Counterfeit alcoholic beverages keep claiming lives, like in this latest case in the state of Punjab in India. To curb the consumption of alcohol, the Indian government has imposed high taxes on alcoholic beverages, with the effect of increased illegal alcohol production. Often, the alcohol is from a variety of sources like nuts and sugar cane and of poor quality, posing a health hazard. Officials raided numerous operations and arrested multiple suspects, including police officers and customs officials.
Fraudulent olive oil made its way into the retail market in Brazil. More than 1300 bottles of product labeled extra virgin olive oil were seized, the oil was analyzed and found to be fraudulent. An investigation about the source of the adulteration and whether the fraud happened at the producer or in retail is still ongoing.
USDA Certified Organic foods keep enjoying a robust growth, with fruit and vegetables leading, followed by dairy and beverages. Fraudulent organic certification is a growing problem, especially because food supply chains are becoming more complex, with a large amount of organic food now being imported. Violations by fraudulent organic certification are punishable by hefty fines and can be reported to the National Organic Program Online Complaint Portal.
The popularity of plant-based protein powders has skyrocketed, and so has fraudulent activity with so-called protein boosting adulterants. Examples are a variety of beans, such as fava beans, as well as wheat, maize, alfalfa and more. Due to the rapid innovation and development of novelty supplements, regulatory standards are in urgent need of overhaul. Correct ingredient investigation in commercial plant-based protein powders is therefore a must and was investigated in this study with three different diagnostic tools.
When we talk about the identification of fraudulent foods and beverages, many elaborate methods are available in analytical chemistry and food labs. The method of using “whiskey webs” is quite unusual in its simplicity; it is based on the unique residue left behind by each beverage after evaporation. American Whiskey is matured in new charred oak barrels that transfer a number of water-insoluble components into the final product, allowing each whiskey to leave behind its own unique “fingerprint”.
Diethylene glycol (DEG) is a substance that is highly toxic to humans. It is used in a wide range of applications, such as brake fluid and as a raw material for resins, and it is often present in antifreeze. In Brazil, more than a dozen people were poisoned by beer containing DEG. The suspected products were recalled and the case is under investigation. It is not clear yet whether the DEG was intentionally added to commit fraud, or whether the contamination was unintentional. We are observing this case very closely, since diethylene glycol has been used for fraudulent purposes in beverages in the past.

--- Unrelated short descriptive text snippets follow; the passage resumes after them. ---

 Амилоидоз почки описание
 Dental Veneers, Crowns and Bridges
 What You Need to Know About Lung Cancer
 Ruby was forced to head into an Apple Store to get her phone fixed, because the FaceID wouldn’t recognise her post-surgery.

Over the course of three years, wholesale meat fraudsters in Brooklyn, NY, removed the USDA stamp on “Choice” beef and applied a counterfeit USDA “Prime” stamp to sell the fraudulently labeled meat at a premium price. A conviction can get the defendants a prison sentence of up to 20 years, even public health was not endangered, however, the USDA is taking integrity and quality of food very seriously.
A large recall was initiated by the Brazilian Ministry of Agriculture, Livestock and Food Supply for Brazilian olive oil unfit for human consumption, and retailers and traders are requested to report and pull faulty products off the shelves. Large fines will be issued for non-compliance. The fake olive oils are sold very cheaply, but may be a health hazard. An infrared analysis was made to check the composition of fatty acids, which uncovered the fraud.